Exercise prompt: In the records below, print each line exactly and leave every image out.

Material shown Block Start

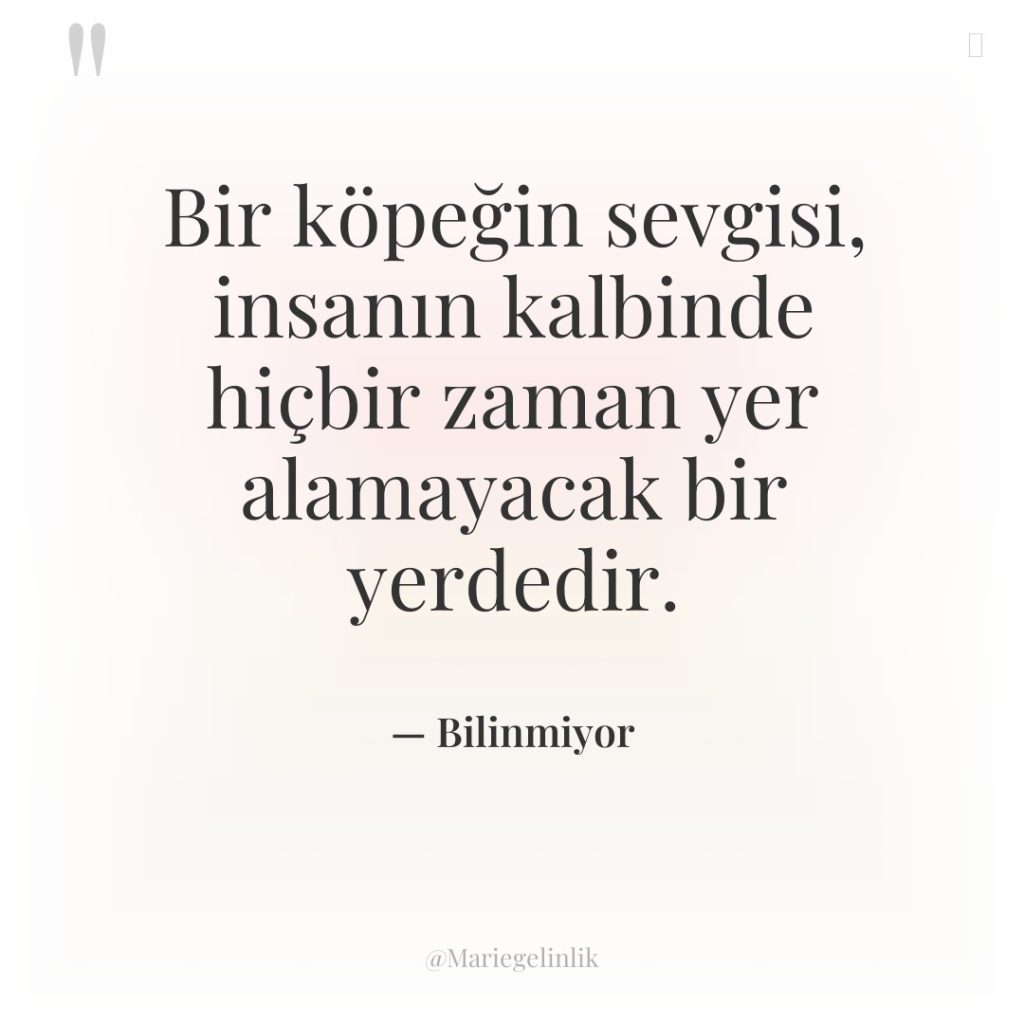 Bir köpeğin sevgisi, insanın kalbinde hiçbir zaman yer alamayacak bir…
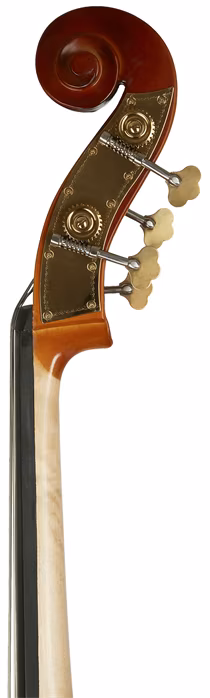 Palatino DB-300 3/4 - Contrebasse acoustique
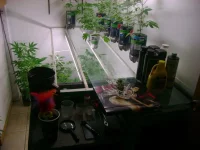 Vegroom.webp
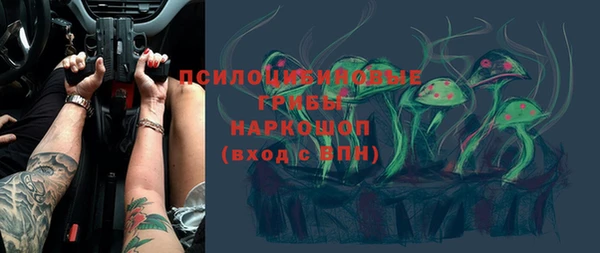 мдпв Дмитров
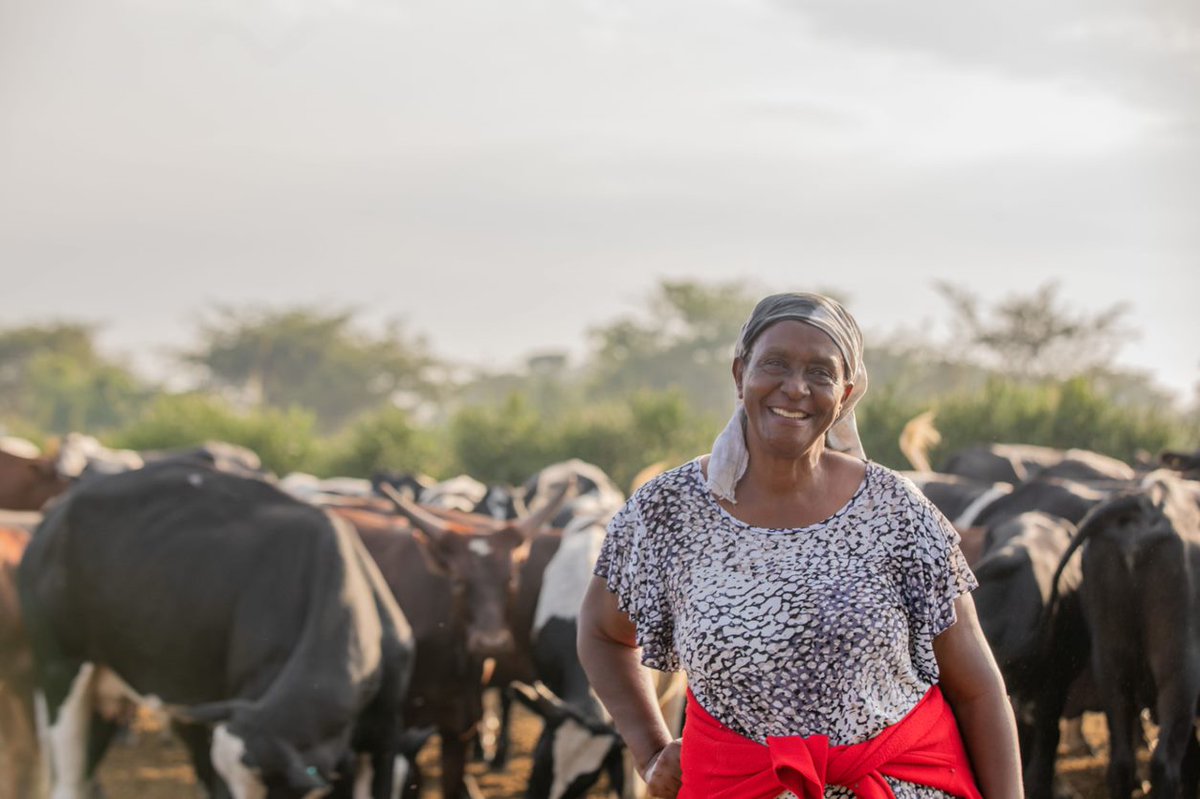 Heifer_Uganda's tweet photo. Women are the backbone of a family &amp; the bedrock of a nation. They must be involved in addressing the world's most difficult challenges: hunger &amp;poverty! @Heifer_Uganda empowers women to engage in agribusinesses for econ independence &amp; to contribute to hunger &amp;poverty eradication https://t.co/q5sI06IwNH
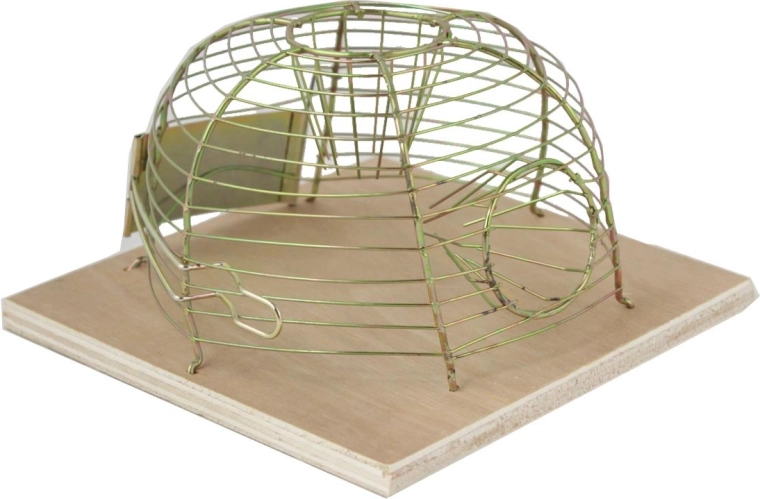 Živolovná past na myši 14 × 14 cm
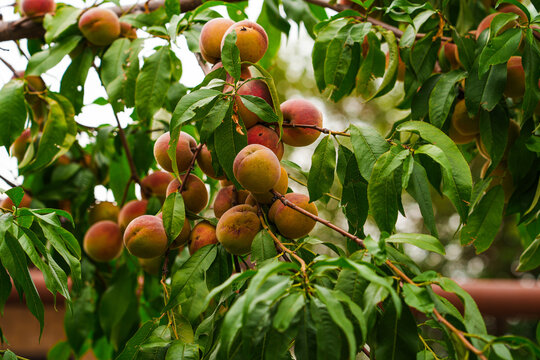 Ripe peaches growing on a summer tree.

Material shown Block End

Solution:
 Bir köpeğin sevgisi, insanın kalbinde hiçbir zaman yer alamayacak bir…
 Palatino DB-300 3/4 - Contrebasse acoustique
 Vegroom.webp
 мдпв Дмитров
 Heifer_Uganda's tweet photo. Women are the backbone of a family &amp; the bedrock of a nation. They must be involved in addressing the world's most difficult challenges: hunger &amp;poverty! @Heifer_Uganda empowers women to engage in agribusinesses for econ independence &amp; to contribute to hunger &amp;poverty eradication https://t.co/q5sI06IwNH
 Živolovná past na myši 14 × 14 cm
 Ripe peaches growing on a summer tree.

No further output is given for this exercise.